Would you take guaranteed 6.5% returns for 30 years (pension buyout)

Do you really think tax rates are headed lower? The current tax rates are set to expire in 2025. Then go up.

For that matter, we really do not know enough about where the market is headed either. And nothing about inflation.

If you do not have enough money to pay taxes on a 14K rollover, you are a LONG ways from retirement. It can even be done over multiple years.



Tax-free withdrawals of both principle and earnings after your 30 years of letting it grow.

I don't think we know much about OP's situation. Still working? Retired?

I am not referring to tax rates within the tax code. If the OP converts the $14K to a Roth, taxes will be paid at his/her current marginal tax rate. 25%? 28%? Who knows?

If rolled to a tIRA, what tax rate will OP withdraw it at when retired? 12%? 15%? Who knows?
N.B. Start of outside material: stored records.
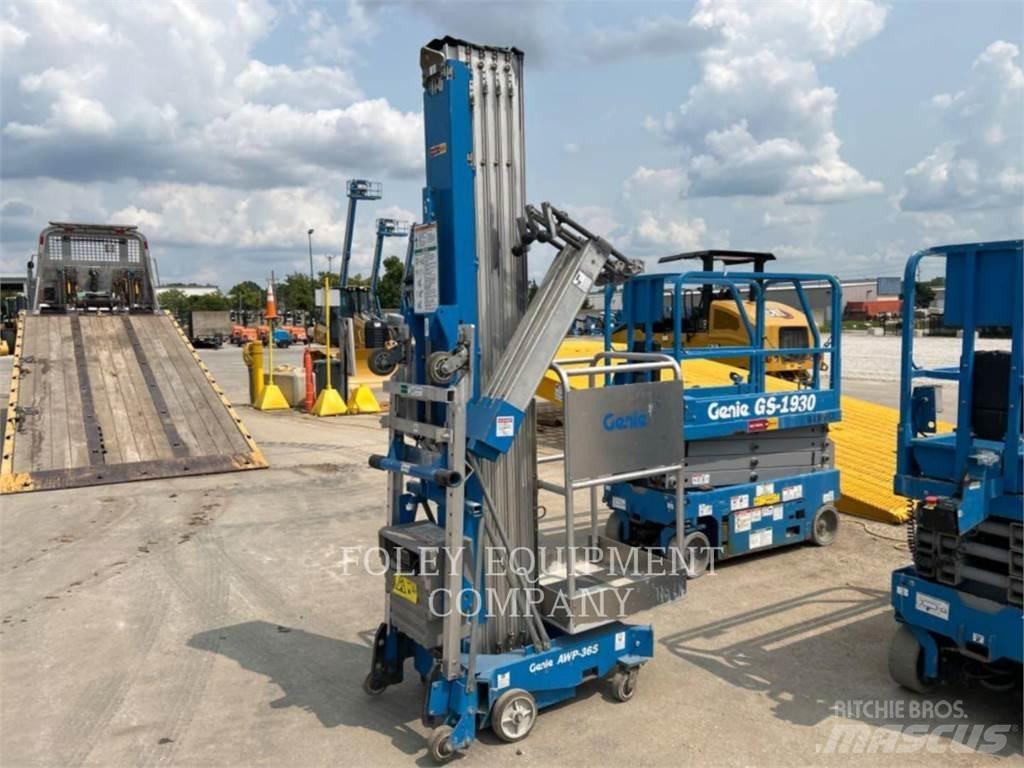 Genie AWP36SDC Šķerveida pacēlāji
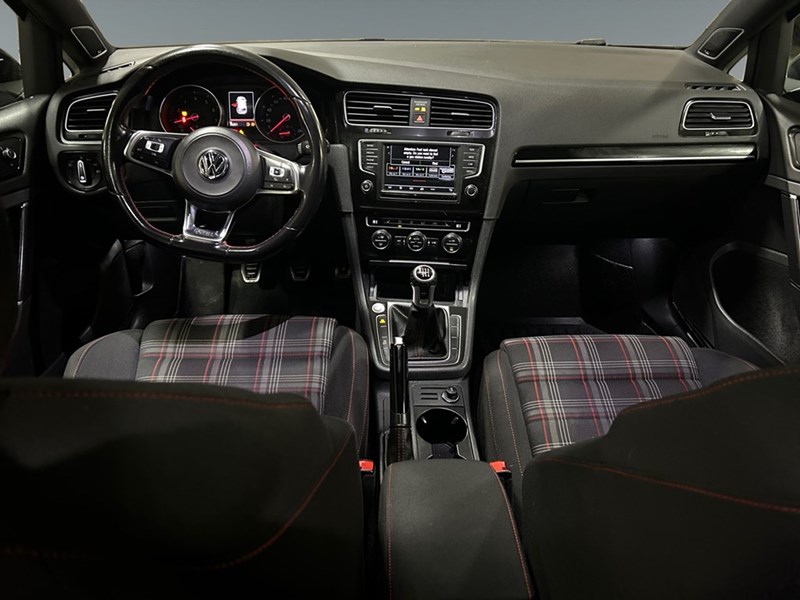 2017 Volkswagen Golf GTI Autobahn | 6-Speed | Ultra Low KM's
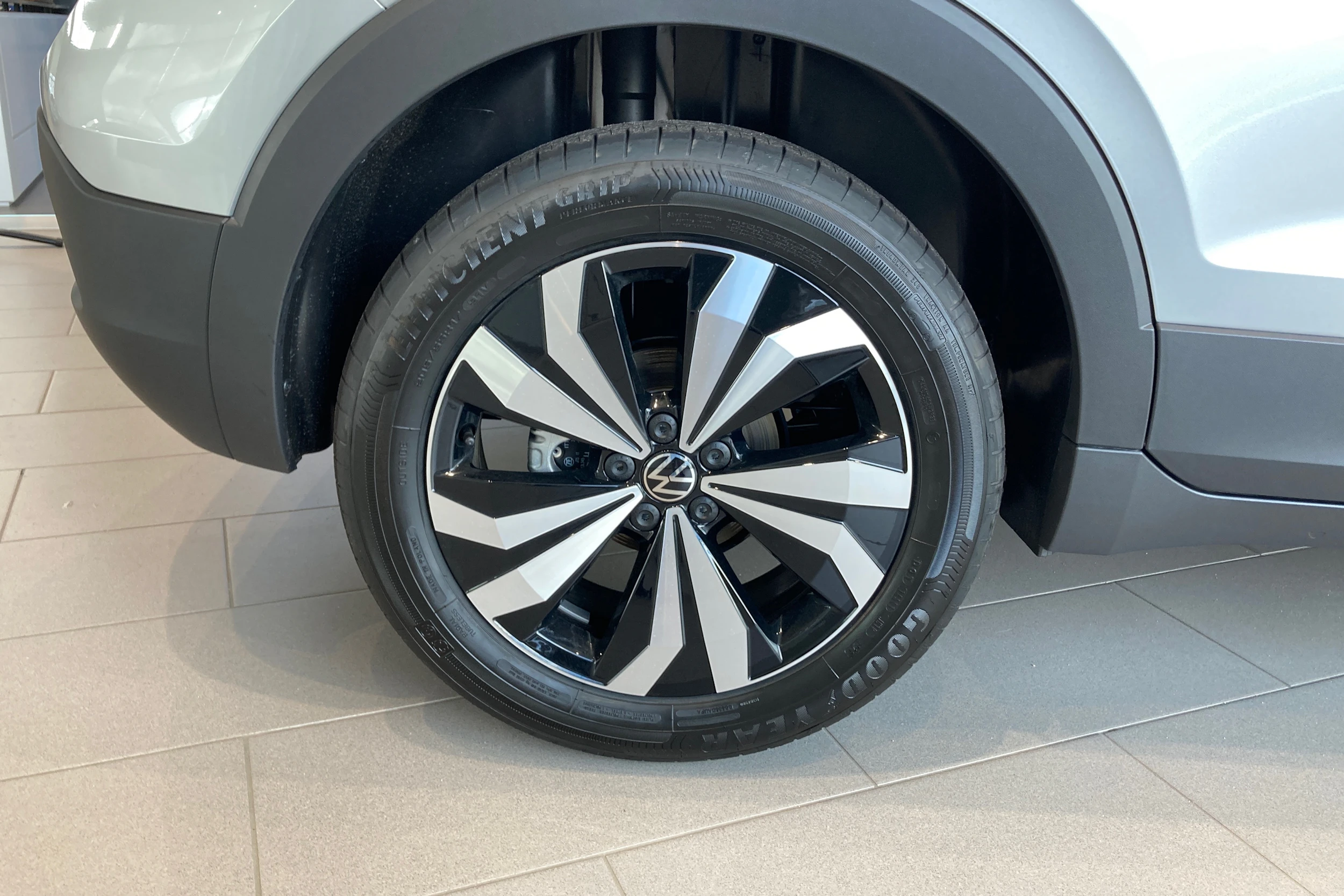 met. harmaa Volkswagen T-Cross 2027 kuva 10.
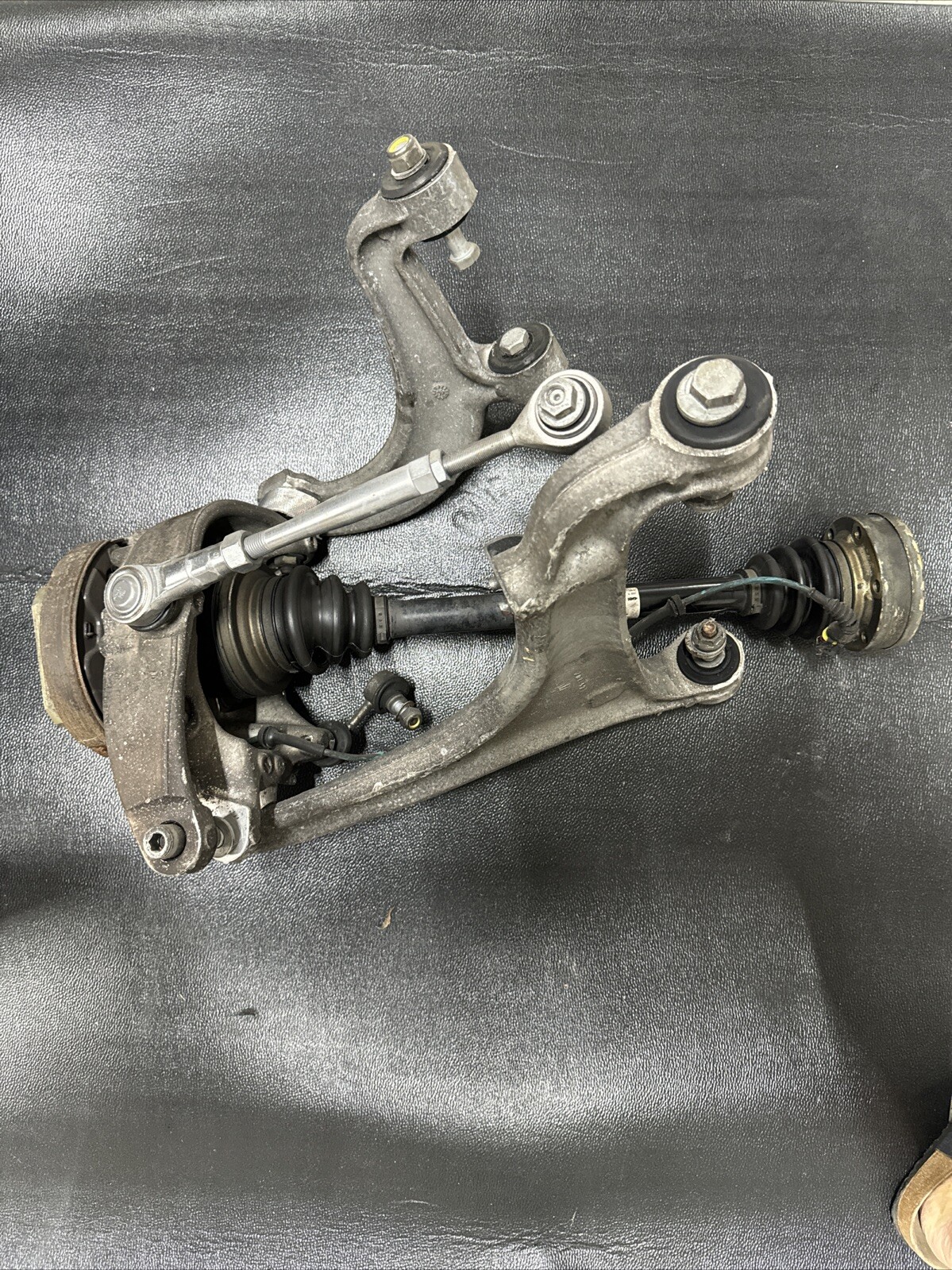 Maserati GranTurismo 2008 REAR+LEFT Steering knuckle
We don't know OP's situation. But the issue is: What marginal tax rate is the Roth conversion going to take place at vs. what marginal tax rate will be applied to the tIRA withdrawals later.

For many of us, our lower marginal tax rates will be in the future - when retired and there is less income.
 
I would take the buy out. Control your own future. It's also one less thing to keep track of...
I did this with both my own and my DW's pensions when the offer came.

+1. Not only one less thing to keep track of, but one less thing to worry about also. A lot of things can happen in 30 years.
 
....We don't know OP's situation. But the issue is: What marginal tax rate is the Roth conversion going to take place at vs. what marginal tax rate will be applied to the tIRA withdrawals later. ...

+1 While a roll over to an IRA is sound advice, there is insufficient information to know whether it should be to a Roth or tIRA.
 
... with the stipulation that if you died early, the money was gone?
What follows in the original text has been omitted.